COMERICA PARK (CBS DETROIT) - Thanks to months of seemingly constant snow and unrelenting below-freezing temperatures, the process of laying a new field for Comerica Park turned out to a bit more interesting than anticipated.

"It's been very difficult," head groundskeeper Heather Nabozny said Friday. "We've had to remove snow twice. One time it was almost 11 inches. The next time, we had to remove four before we could even start to think about grading the field and laying the sod and then getting warm enough temperatures during the day to lay the sod, wait until our field thawed. Sand doesn't hold much moisture, so it thaws a lot quicker than finer-textured soils – the warning track, the infield, the mound.

"We heated those areas – the mound, the plate, the infield skin, with large heaters and a tarp, so we melted the frost out of there," Nabozny continued. "It's been a challenge."

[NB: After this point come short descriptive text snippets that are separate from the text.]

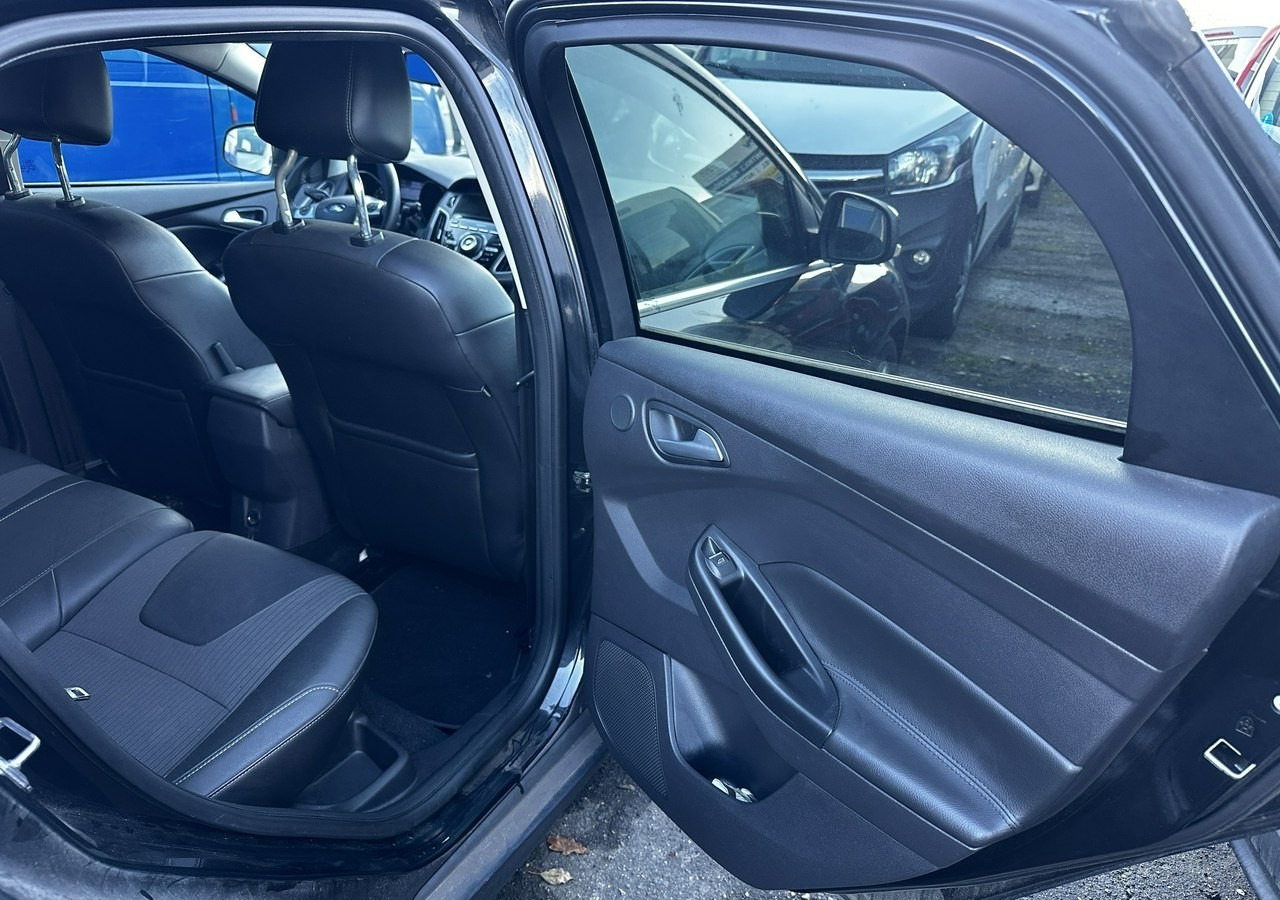 Hatchback Ford Focus III Ford Focus Bogate wyposażenie 2012: picture 24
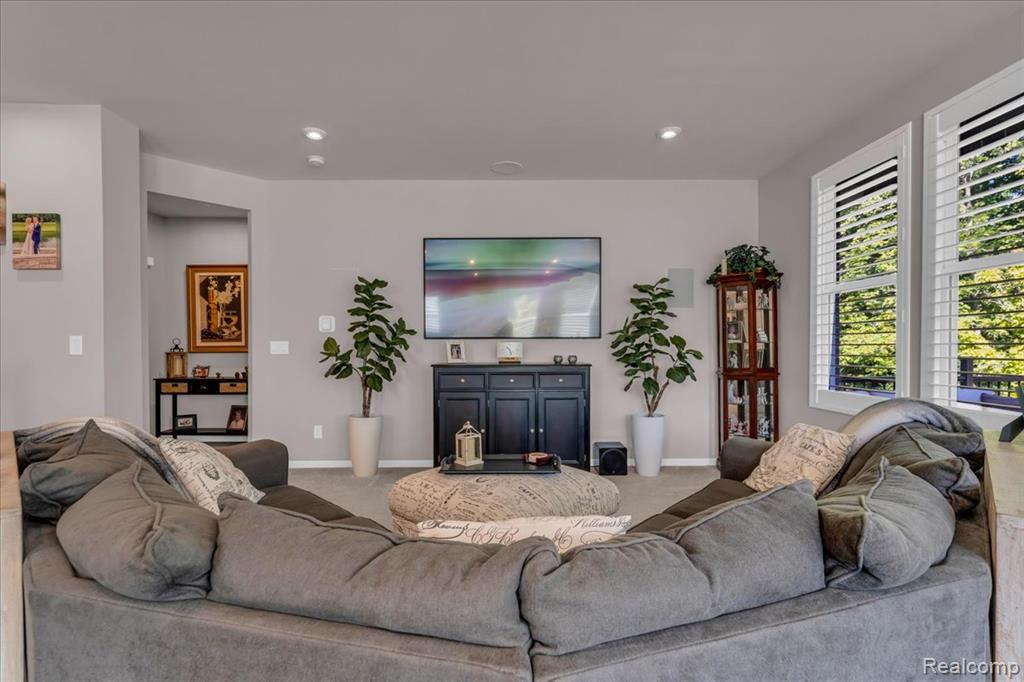48614 Windfall Road, Novi, MI — Photo 13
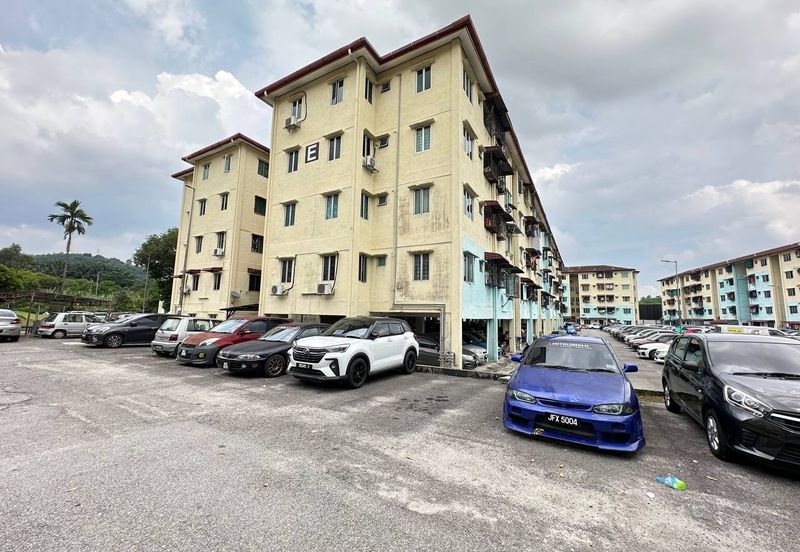 Pangsapuri Cheras Utama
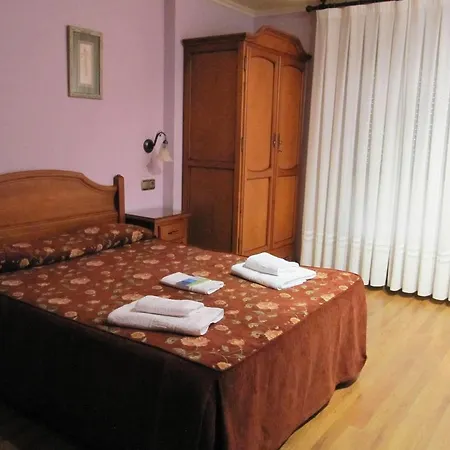 Hotel Pena Pandos 2*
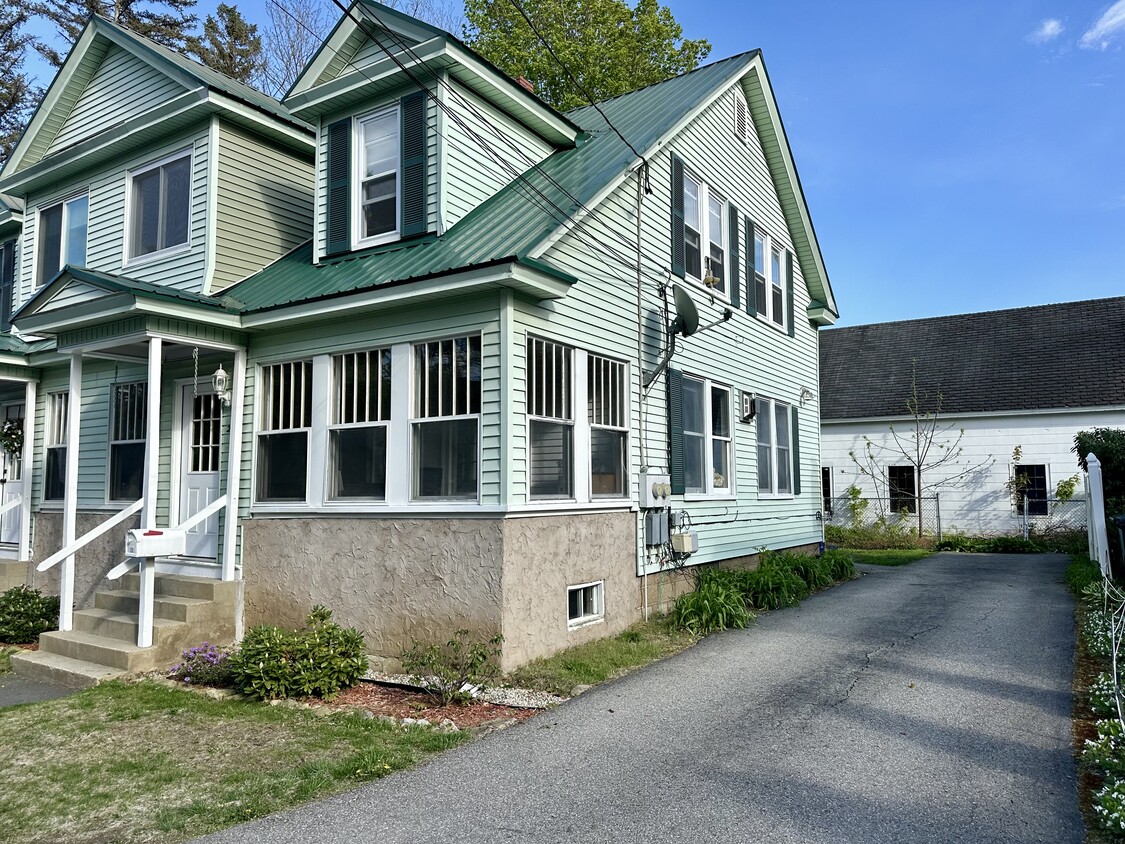 20 Mitchell Pl, Laconia, NH 03246 - Townhome Rentals in Laconia NH ...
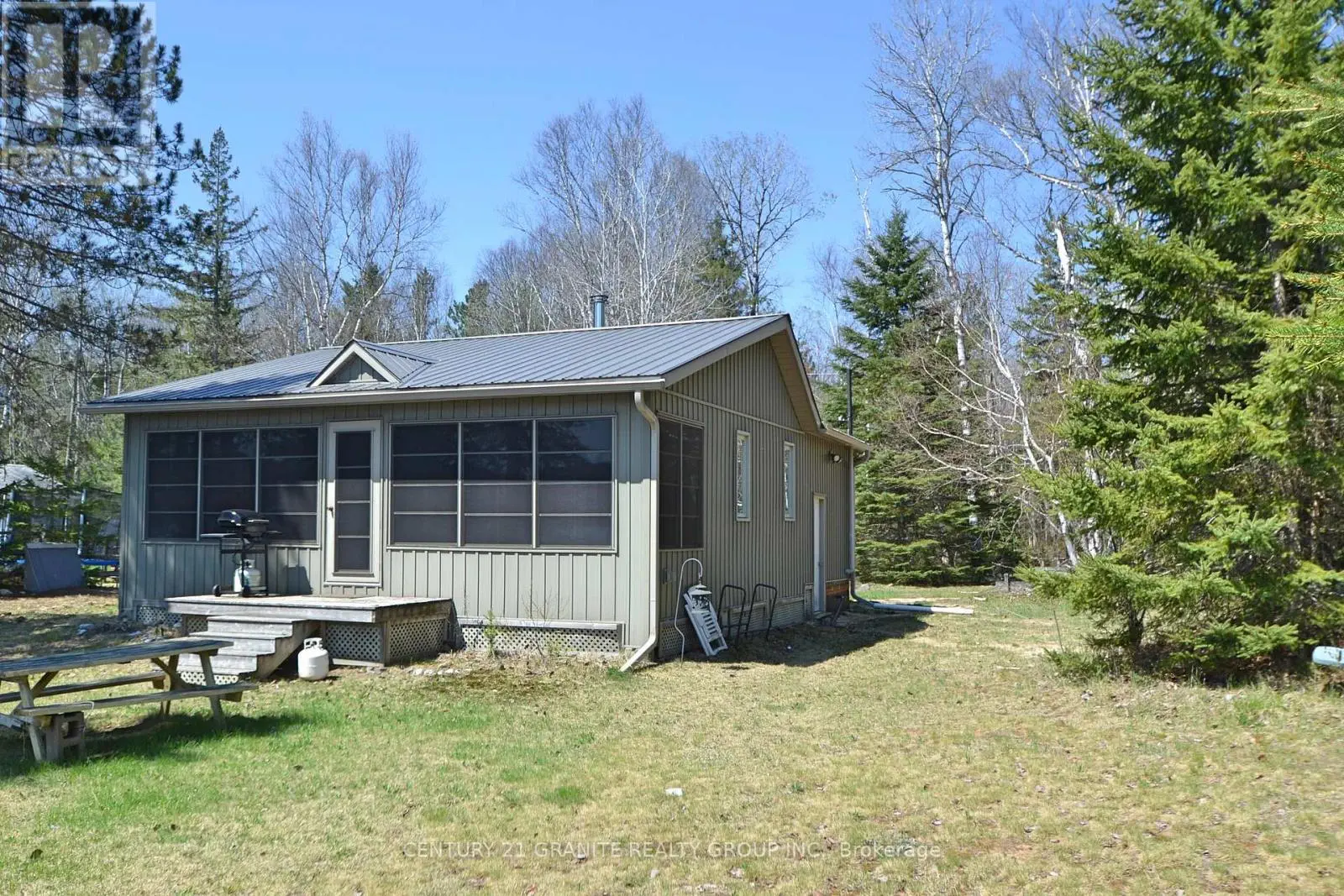 304 Centre Road, Hastings Highlands, Ontario  K0L 2K0 - Photo 3 - X12042522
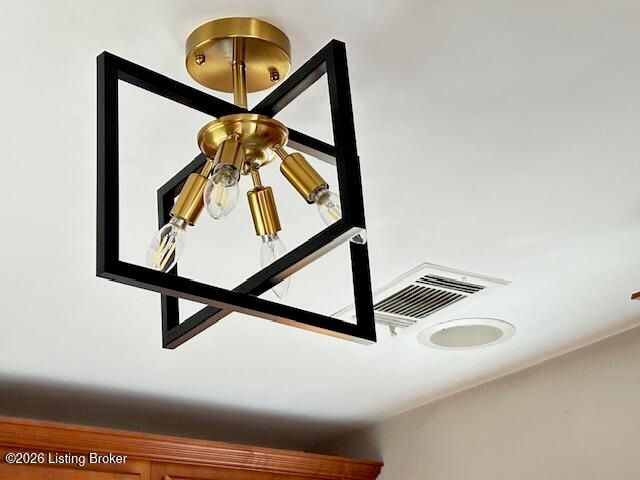 2009 Meadowgate Ln, Louisville, KY 40223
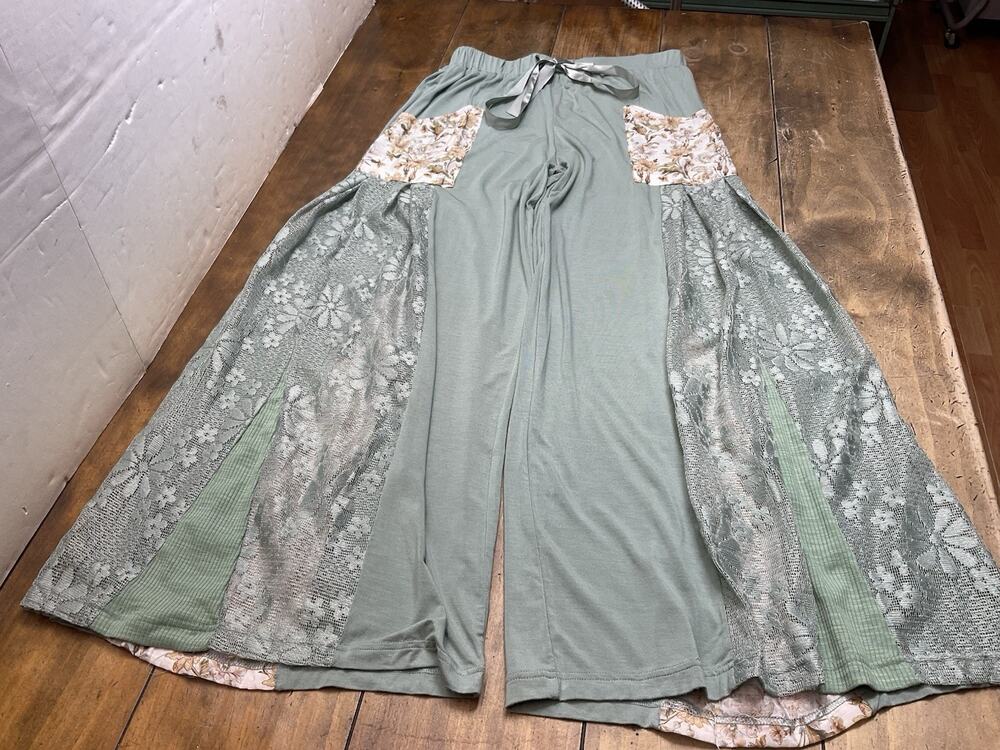 POL Green Lace Panel Wide Leg Boho Flare Pants Medium Floral Festival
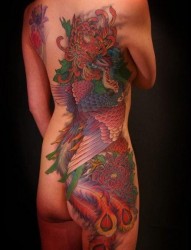 女性背部侧腰到臀部好看的彩色凤凰纹身图片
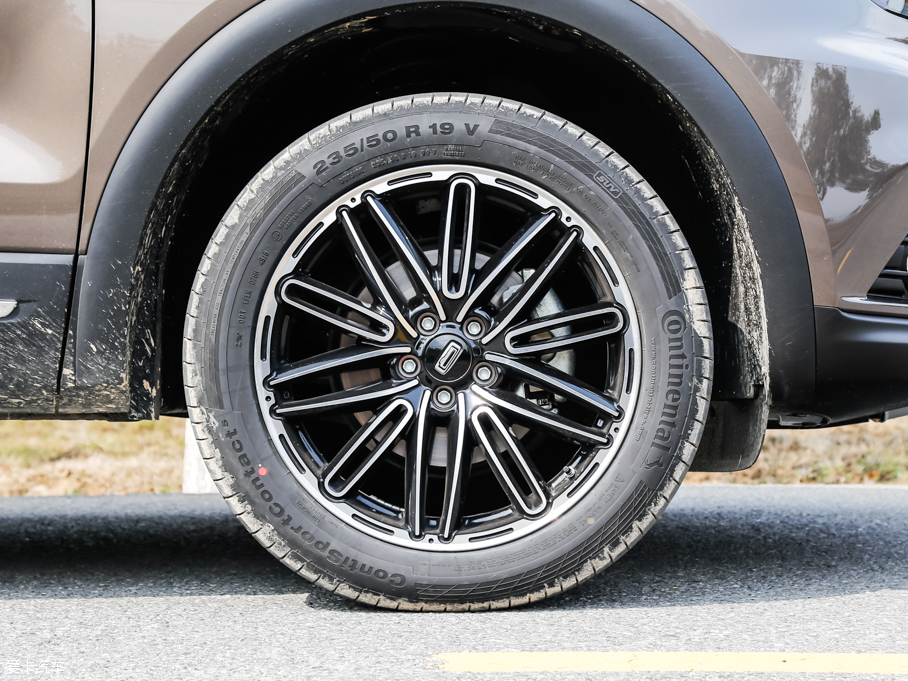 2016^5 SUV 1.6T ԄӺA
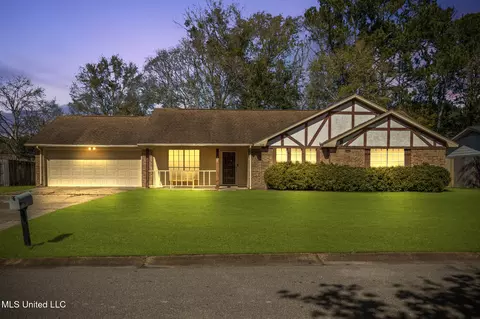 825 Bilglade Dr, Biloxi, MS 39532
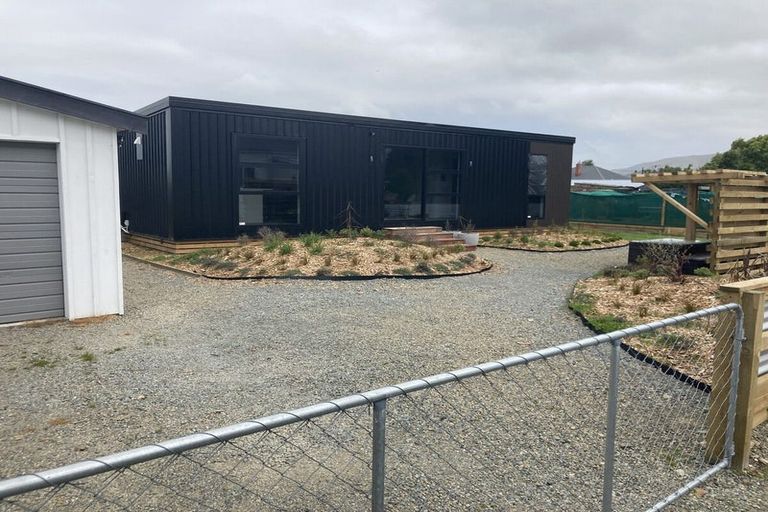 Photo of property in 43 Rhodes Street, Waimate, 7924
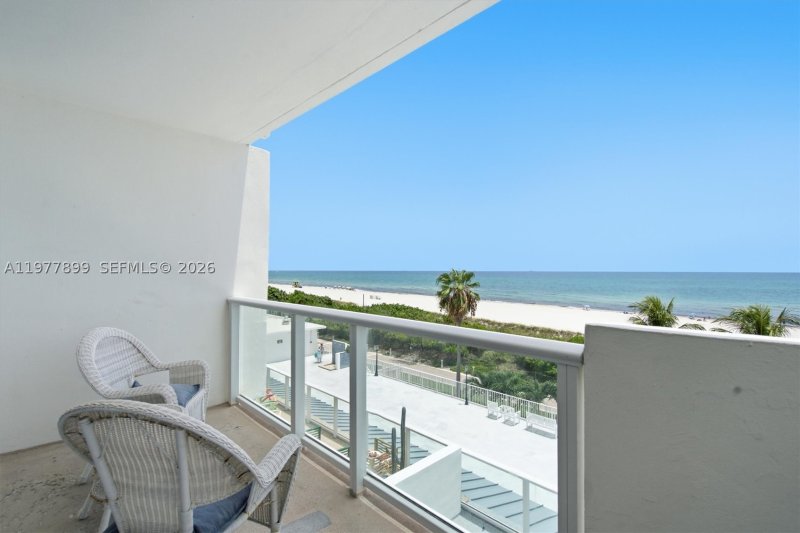 Condo for sale at Pavilion 505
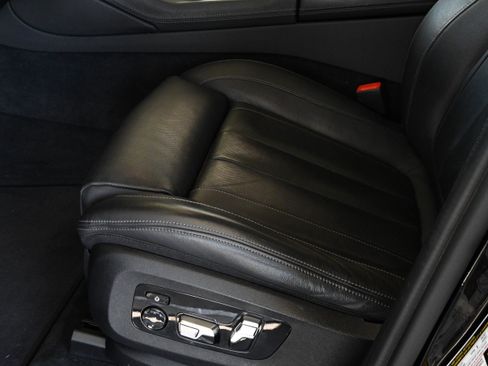 Used 2022 BMW X6 M50i AWD/4WD image 28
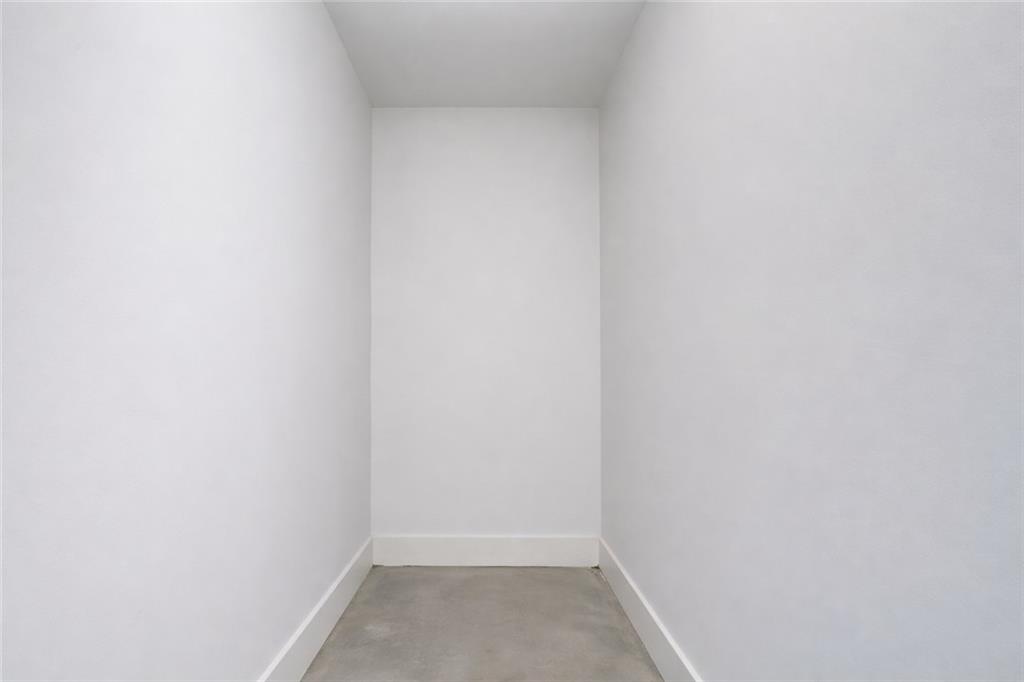 372 92nd Street, Unit 1B Brooklyn, NY 11209 - Photo 7 of 19 a view of a small space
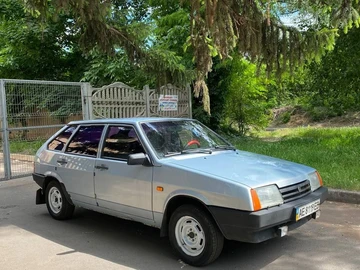 Авто ВАЗ 2109 2004 № 8837272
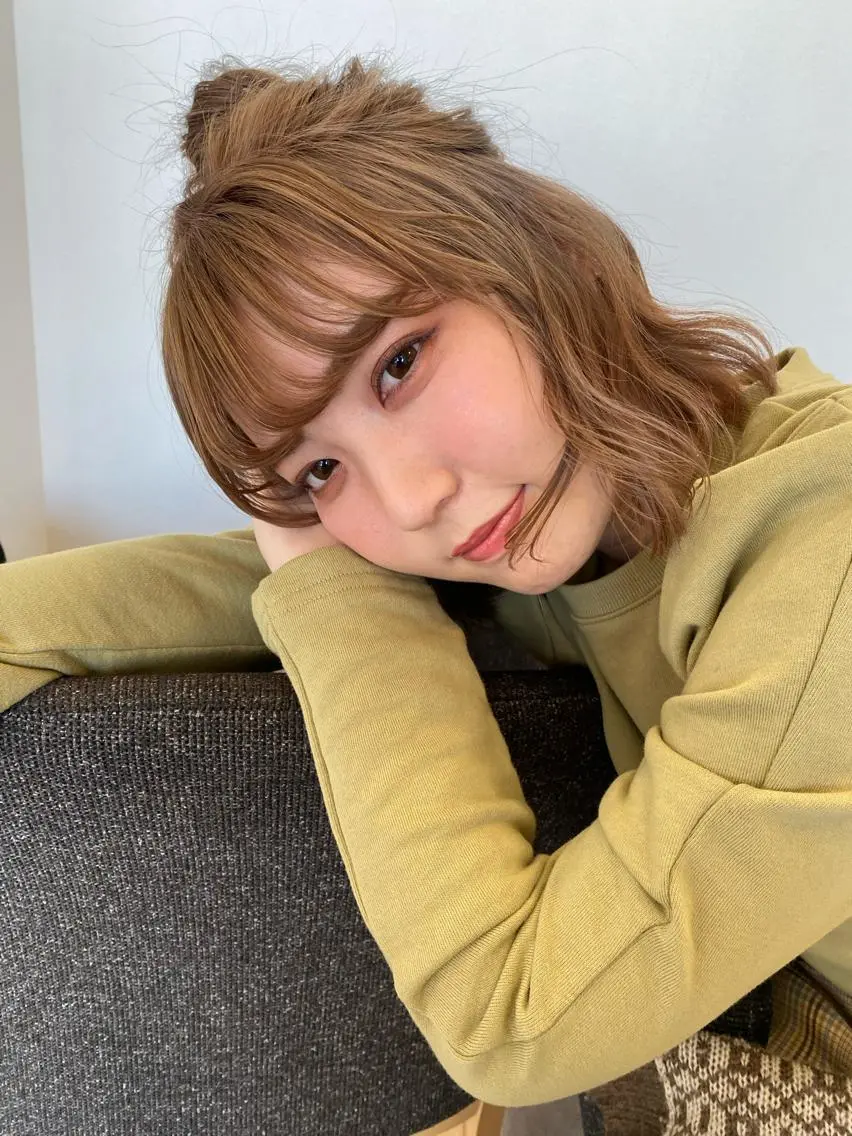 ミディアム カラー 有馬ミク🌈 似合わせ美容師のヘアスタイル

For all the trouble the winter weather caused Nabozny and the rest of the Detroit Tigers grounds crew as they worked to prepare the playing surface for Opening Day, the process could have been even more hectic.

"We were able to take the [old] field out in the fall, which helped out a bunch. If we weren't able to do that, then I probably wouldn't have slept all winter," Nabozny said. "We took out, oh gosh, 700 tons of root zone and organic material, so then we had to add 700 tons of material, grade it all out. It's a big process. So we got it close so that in the spring time all we had to do was come in, touch it up and lay the sod."

The process of laying the field took several days. Arriving from Colorado, the sod came to Comerica in climate-controlled trucks, their temperatures kept at 50 degrees so the sod would not freeze. Cut into strips measuring 40 feet by 4 feet, each piece of sod weighs more than a ton. The transport took 35 semis.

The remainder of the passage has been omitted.